## Exercise details
Exactly the lines below starting at the line with "2024 BMW X6" and ending at the line with "Fototapeta na wymiar north pole glacier" are wanted, with both ends included. Leave out the pictures and add no other lines.
BEGIN Material provided
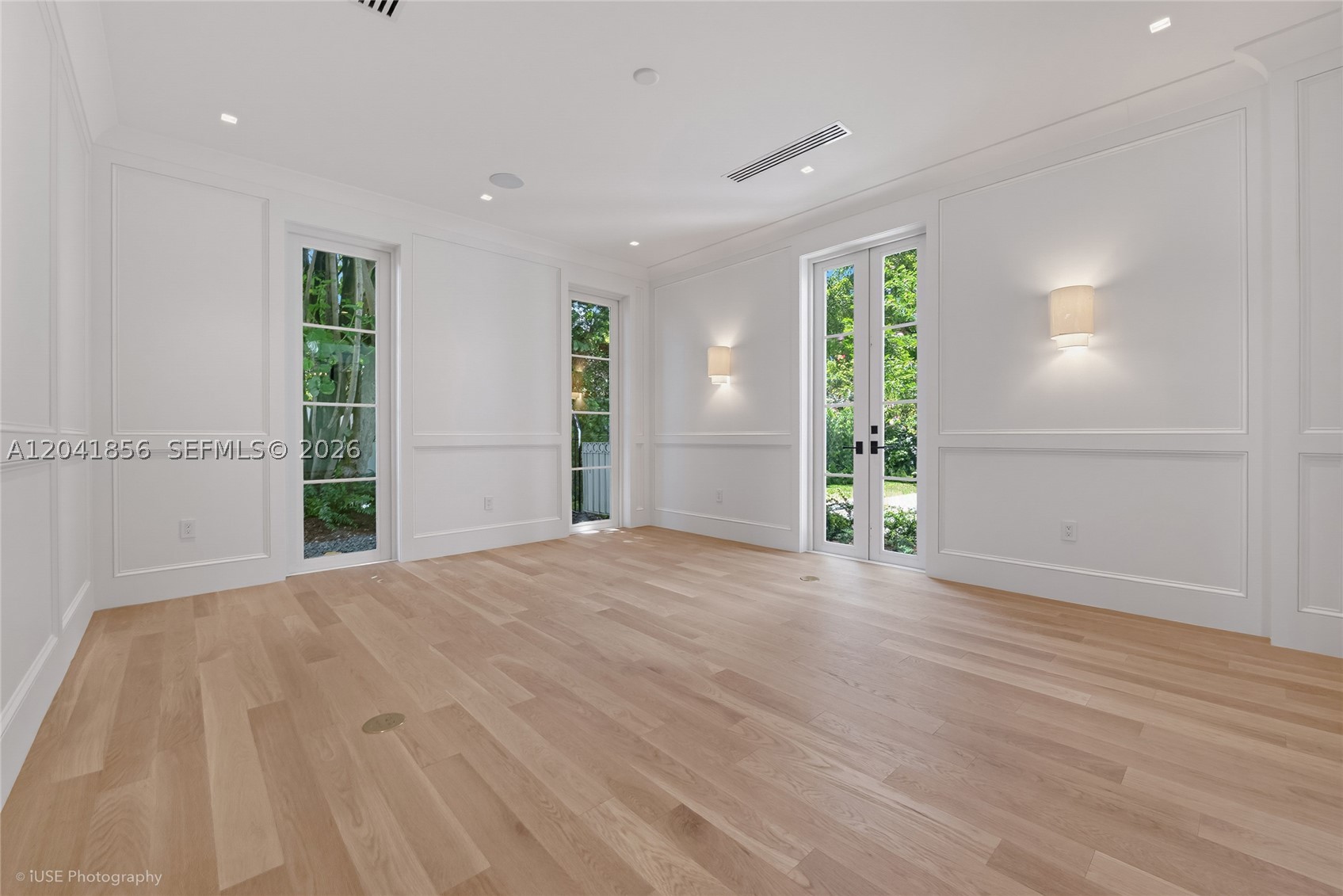 CORAL GABLES COUNTRY CLUB - Residential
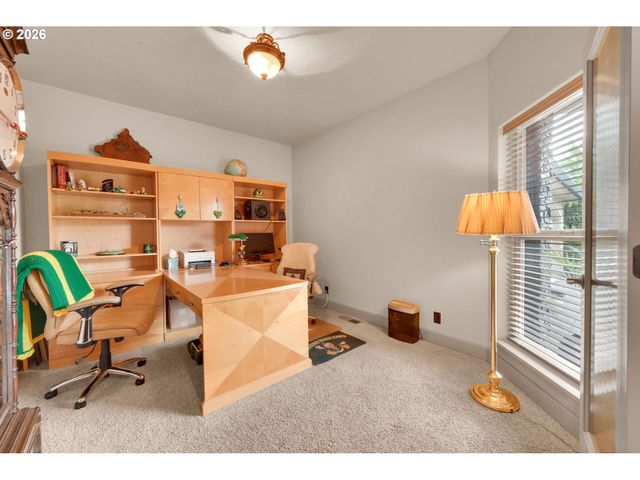 454 SALTY Way, Eugene, OR 97404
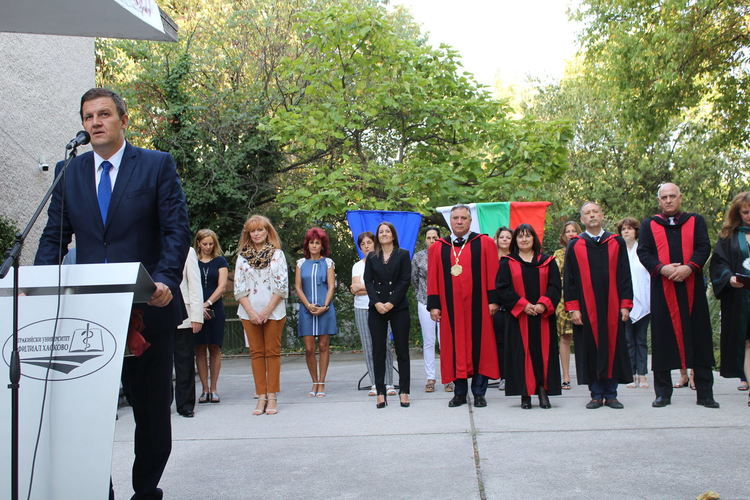 Откриха новата учебна година в Медицинския филиал, предстои ремонт на общежитията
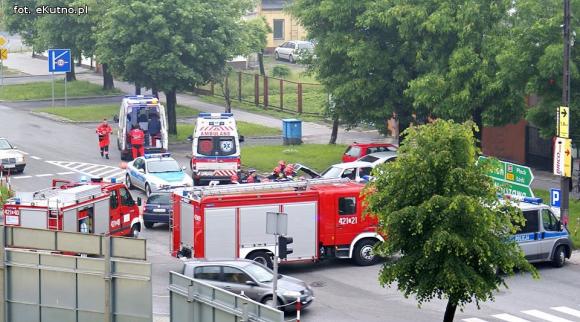 Skasował taksówkę na 29 Listopada. Obaj kierowcy w szpitalu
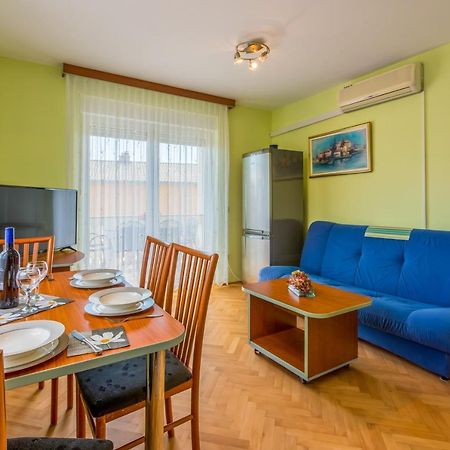 Apartmani Ilicevic Цриквеница Экстерьер фото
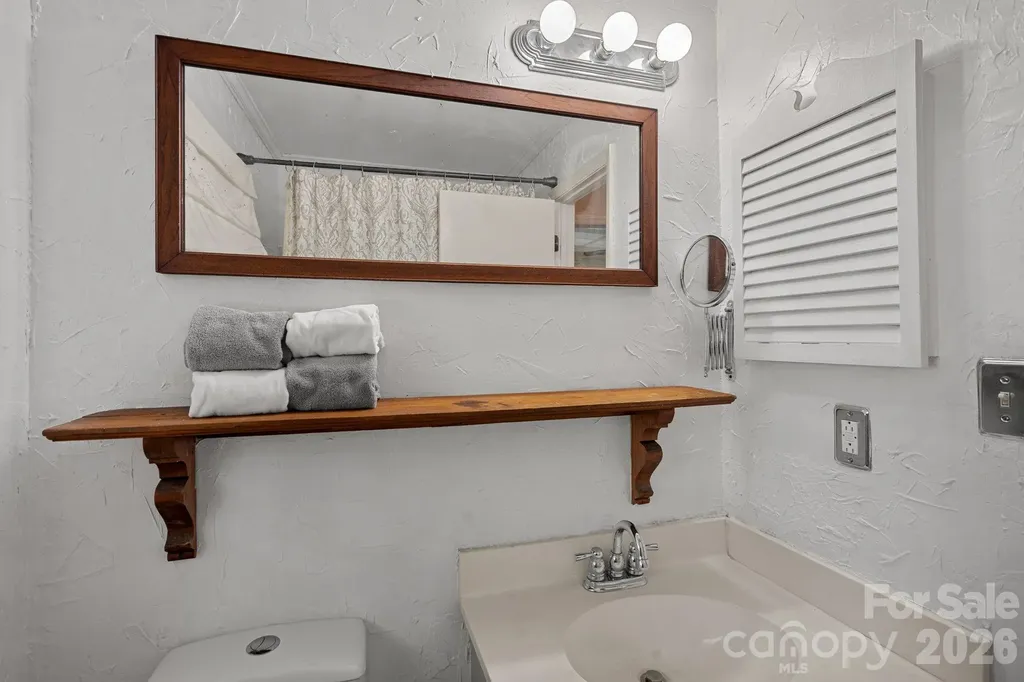 817 Bent Wood Court Matthews NC 28105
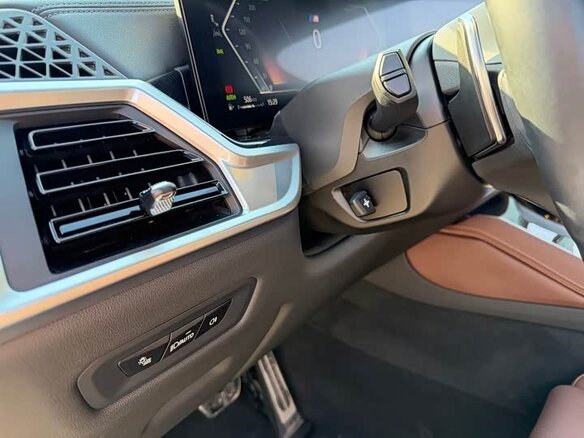 2024 BMW X6 40i III (G06) Рестайлинг, белый - вид 16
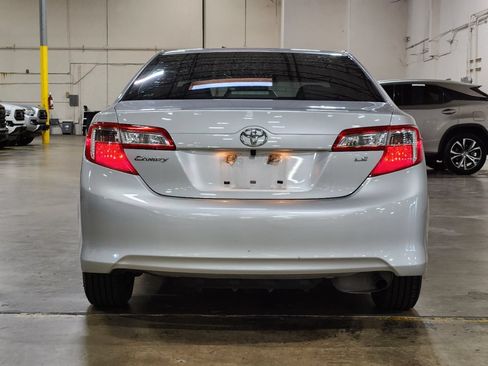 Used 2013 Toyota Camry LE FWD image 11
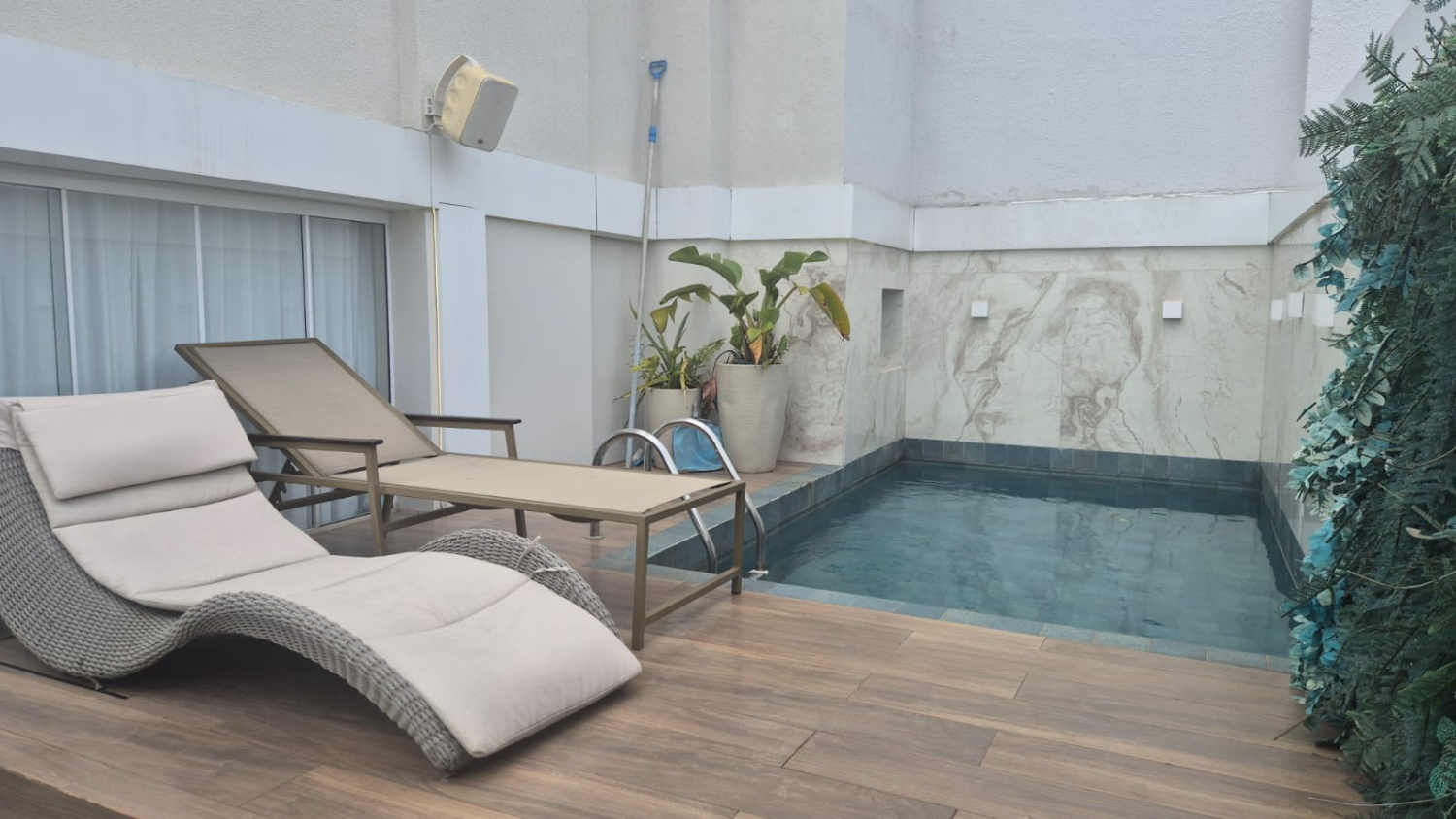 Cobertura Duplex no Ed. Costa Splendida em Balneário Camboriú - foto 23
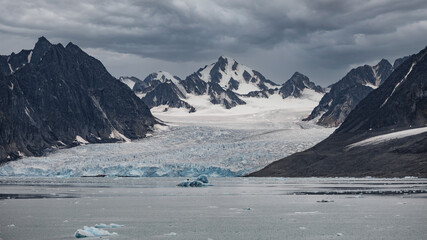 Fototapeta na wymiar north pole glacier 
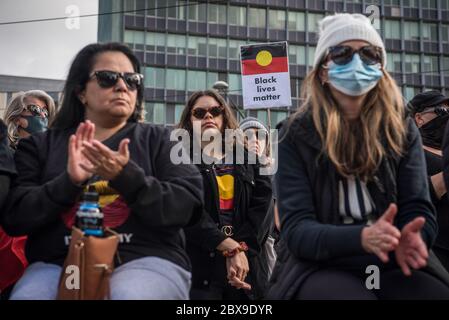 Adélaïde, Australie. 06e juin 2020. Les manifestants se rassemblent pendant la manifestation. Des milliers de manifestants se sont rassemblés sur la place Victoria à Adélaïde pour manifester en faveur du mouvement Black Lives Matter et contre les morts aborigènes australiens en détention. Déclenché par la mort de l'Afro-américain George Floyd aux mains d'un policier blanc dans l'État américain de Minneapolis, des manifestations ont été observées dans toutes les grandes villes australiennes. Crédit : SOPA Images Limited/Alamy Live News Banque D'Images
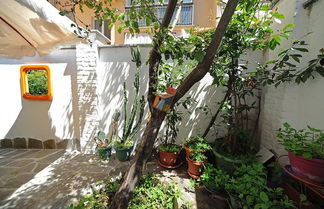 Photo 3 - Cozy Apartment With Garden in Lingotto Area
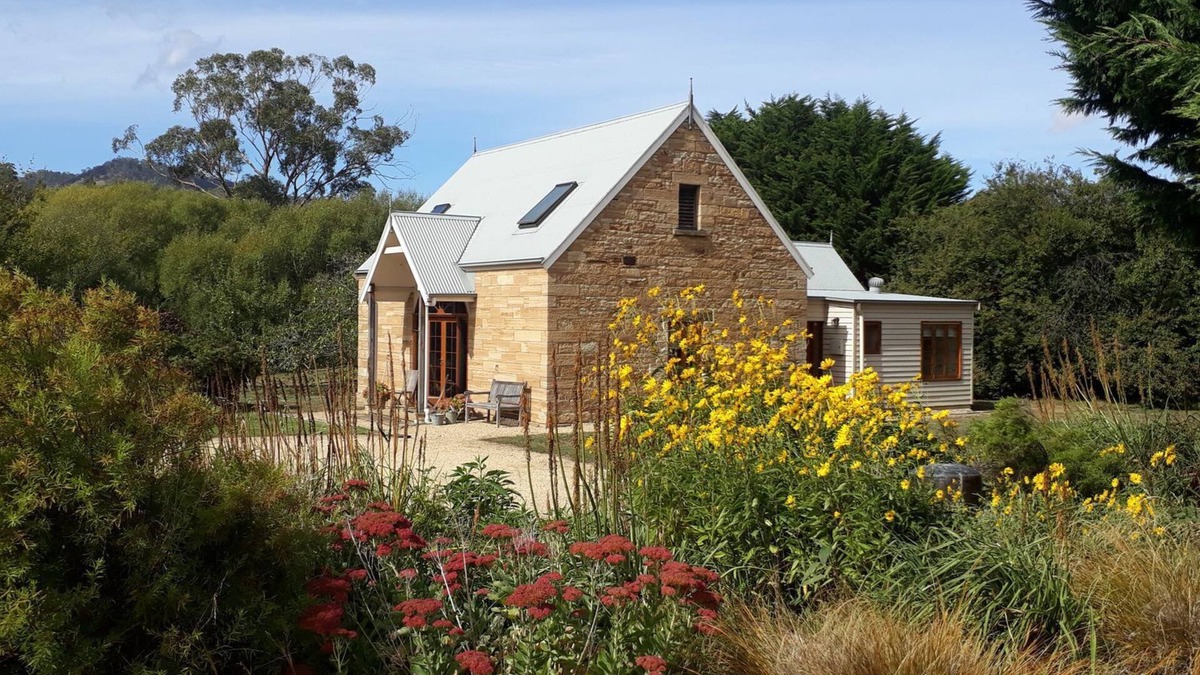 Bagdad House | Armytage House Accommodation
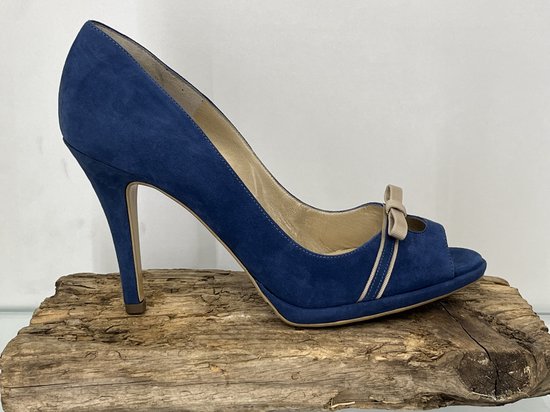 Peter Kaiser Carlotti 95 Taille 40 / UK 6,5 Escarpins en daim bleu azur chaussures pour femmes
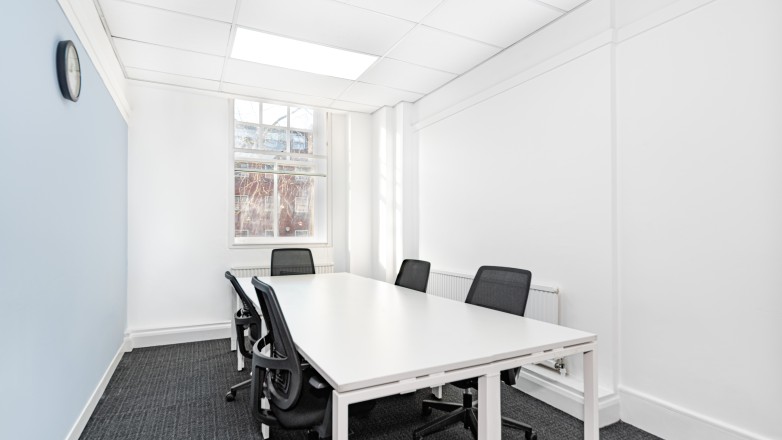 Serviced office London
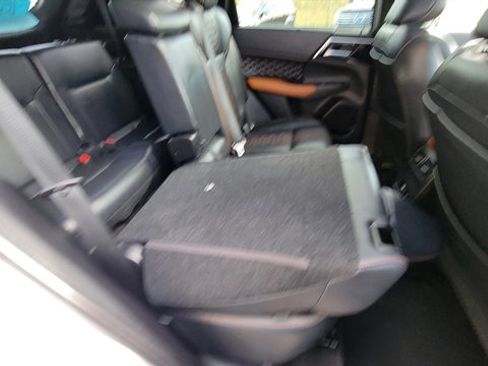 Used 2022 Mitsubishi Outlander SEL image 45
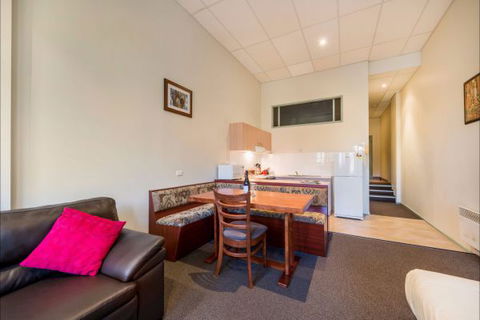 Falls Creek Country Club - Accommodation in Surfers Paradise 7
END Material provided
## Task output
 2024 BMW X6 40i III (G06) Рестайлинг, белый - вид 16
 Used 2013 Toyota Camry LE FWD image 11
 Cobertura Duplex no Ed. Costa Splendida em Balneário Camboriú - foto 23
 Fototapeta na wymiar north pole glacier 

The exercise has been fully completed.